[Mailman-i18n] HTML entities (é) in es, it, no translations
Martin von Loewis
31 Jan 2002 14:24:24 +0100
Ben Gertzfield <firstname.lastname@example.org> writes:
> Actually, to be precise, HTML 4.01's native encoding is Unicode,
> which Latin-1 happens to be a (very small) subset of.
To be really precise, HTML 4.01's "document character set" is the
"Universal Character Set" (as defined in ISO 10646), see
What the character encoding is is a different matter (Unicode is not a
character encoding); that is transmitted as part of the HTTP
response. As the document above points out, the default encoding, if
none is specified, is Latin-1 (they also point out that it is bad to
rely on that).
> Unfortunately, as much as I'd like, we can't make *everything*
> Unicode, because a lot of older browsers still don't support it.
That is completely irrelevant; Unicode is *not* a character
encoding. In this context, it is a Python internal datatype. When
producing HTML document, strings of that type need to be encoded in
the target document encoding (which definitely will *not* be Unicode,
but perhaps a Unicode encoding, such as UTF-8, or some other
> Which East Asian ones are missing? Mailman CVS works beautifully
> for me with Japanese, and the screenshot I sent earlier today shows
> Chinese (both simplified and traditional) working in email.
Python does not currently include codecs for iso-2022-jp, gb2312,
big5, euc-jp, shift-jis. Since mailman leaves all strings as-is, and
never mixes encodings, it can let them pass through unmodified. There
are a number of pitfalls, though:
- On mailing lists, people may use different encodings; some of the
common combinations might be:
European languages: ISO-8859-1, ISO-8859-15 (for the Euro), UTF-8
Japanese: ISO-2022-JP, eucJP, shift-jis, UTF-8
Chinese: gb2312, big5
This is probably an archive problem only; however, if mailman adds a
footer, it will produce garbage if the footer encoding differs from
the message body encoding.
- To analyse the subject, Mailman needs to strip off the
subject_prefix from the incoming message. If the message uses a
MIME-encoded header, it may be that the subject prefix is base64
encoded. Currently, mailman fails to strip the prefix in this
case.
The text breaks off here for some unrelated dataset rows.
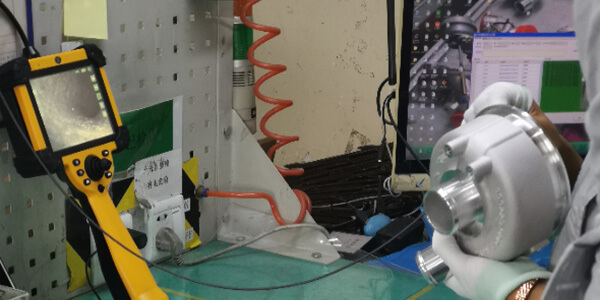 Automotive endoscopes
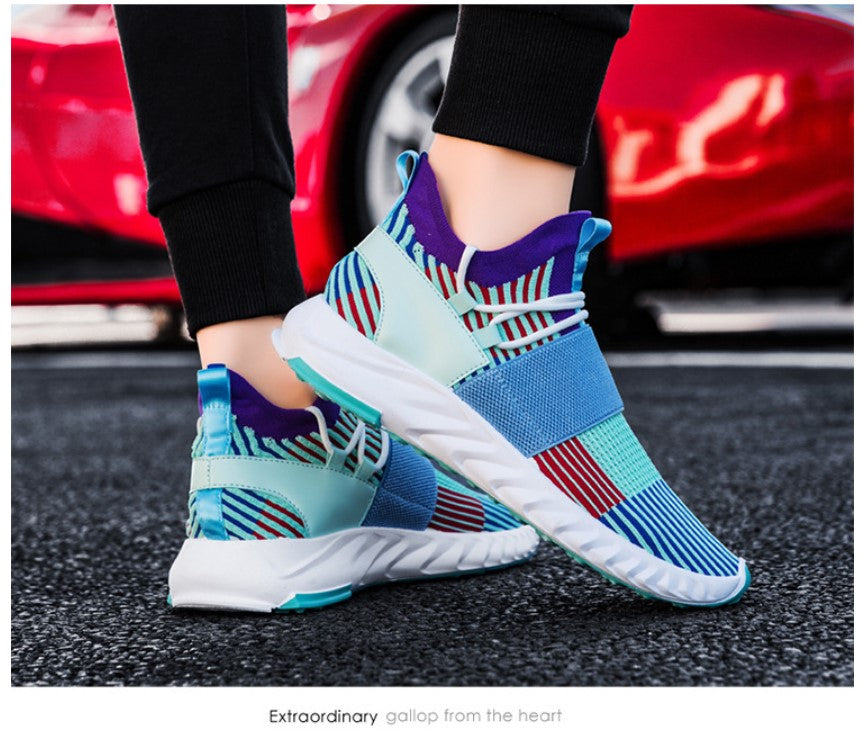 Sneakers - Kwanda Shoes House Brand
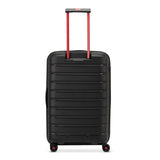 Black Roncato B-flying Move medium expandable spinner 68 cm, hardside luggage polypropylene – view 5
There is a patch on SF that tries to decode the subject. If
the encoding is not known to Python, this will still fail.
- To produce HTML pages, mailman needs to quote markup characters. For
some encodings (e.g. iso-2022-jp), HTML markup character such as '<'
may also occur as part of the multi-byte encoding. For these
encodings, mailman currently performs no quoting at all. This is
incorrect if an iso-2022-jp message contains a true '<' character,
which would need to be converted to '<'.
> The Japanese codec is in a good state and will be easy enough to
> ship; the Chinese ones are only available in CVS that I know of, so
> we will need to make a proper distribution.
I'd encourage you to have a look at the iconv codec also. If the
system iconv is powerful enough (e.g. on Linux glibc), all encodings
of the world would be supported with that single codec.